We tested the hypothesis that estradiol (E2 ) reduces aortic oxidative stress and endothelial dysfunction in ovariectomized (OVX) female rats exposed to room air (RA) or chronic intermittent hypoxia (CIH).

We used intact or OVX female rats treated with vehicle or E2 (0.5 mg/kg/d) and exposed to RA or CIH (21%-10% O2 , 10 cycles/h, 8 h/d) for 7 or 35 days, and measured the arterial pressure, heart rate and plasma endothelin-1 levels. We also measured in thoracic aortic samples, the activities of the pro-oxidant enzymes NADPH (NOX) and xanthine oxidase (XO), the antioxidant enzymes superoxide dismutase, catalase, glutathione peroxidase and the advanced oxidation protein products (AOPP-oxidative stress marker). Finally, we used aortic rings to assess the contractile response to phenylephrine and the vasodilatory response to acetylcholine.

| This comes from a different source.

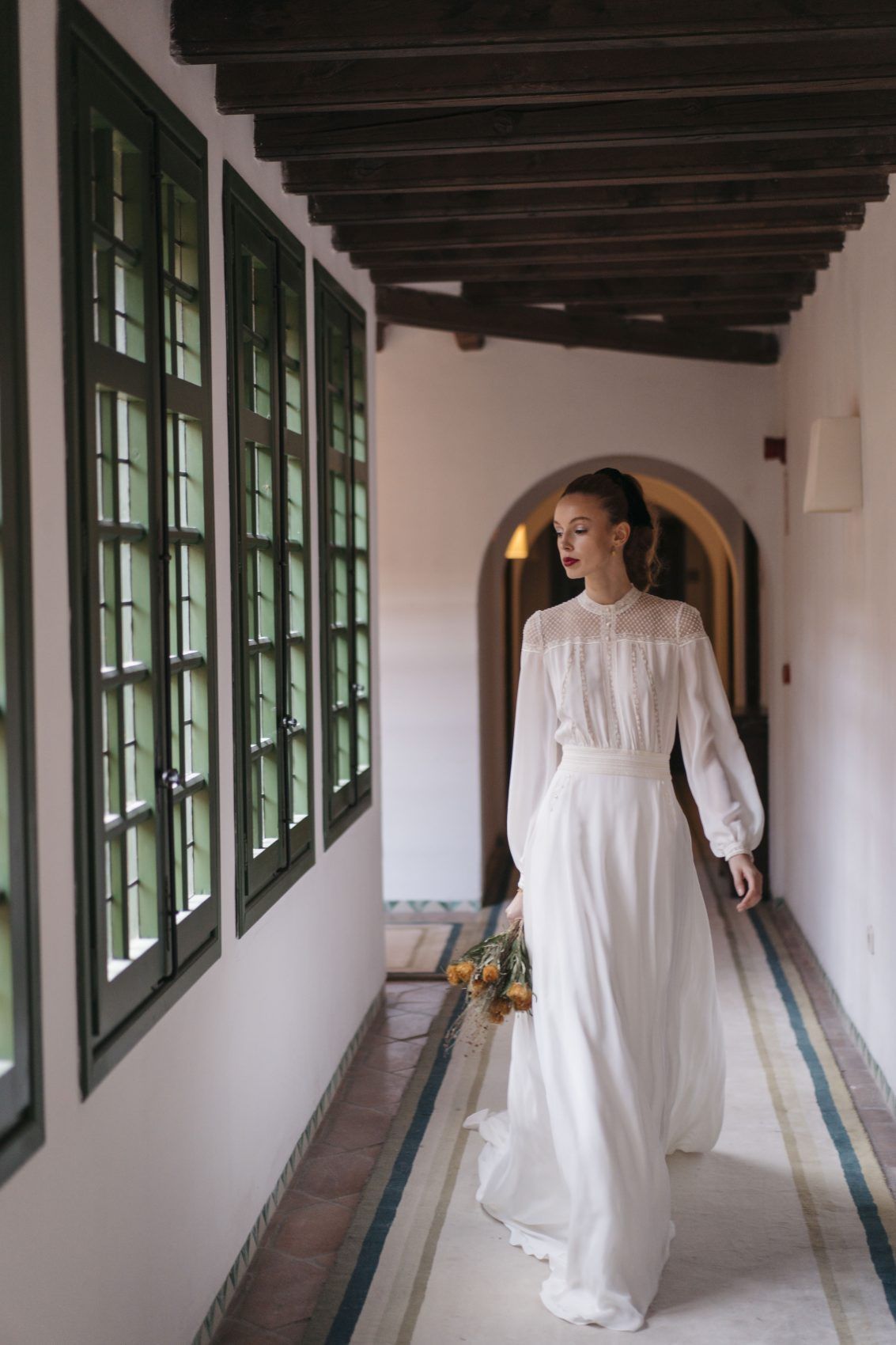 , Editorial en el Parador de Sig&uuml;enza con vestidos de Raquel Ferreiro.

After 7 or 35 days of CIH, E2 supplementation reduced arterial pressure. E2 reduced plasma endothelin-1 levels after 7 days of CIH, but not after 35 days. Ovariectomy, but not CIH for 7 days, increased aortic oxidative stress and E2 treatment prevented this effect. Remarkably, in animals exposed to RA, this was achieved by a reduction in NOX and XO activities, but in animals exposed to CIH this was achieved by increased catalase activity. In OVX female rats exposed to CIH for 7 days, E2 supplementation improved the NO-mediated vasodilation. After 35 days of CIH, enzymatic activities, AOPP and aortic reactivity were similar in all groups.

E2 -based therapy could help prevent the vascular consequences of CIH in apneic women.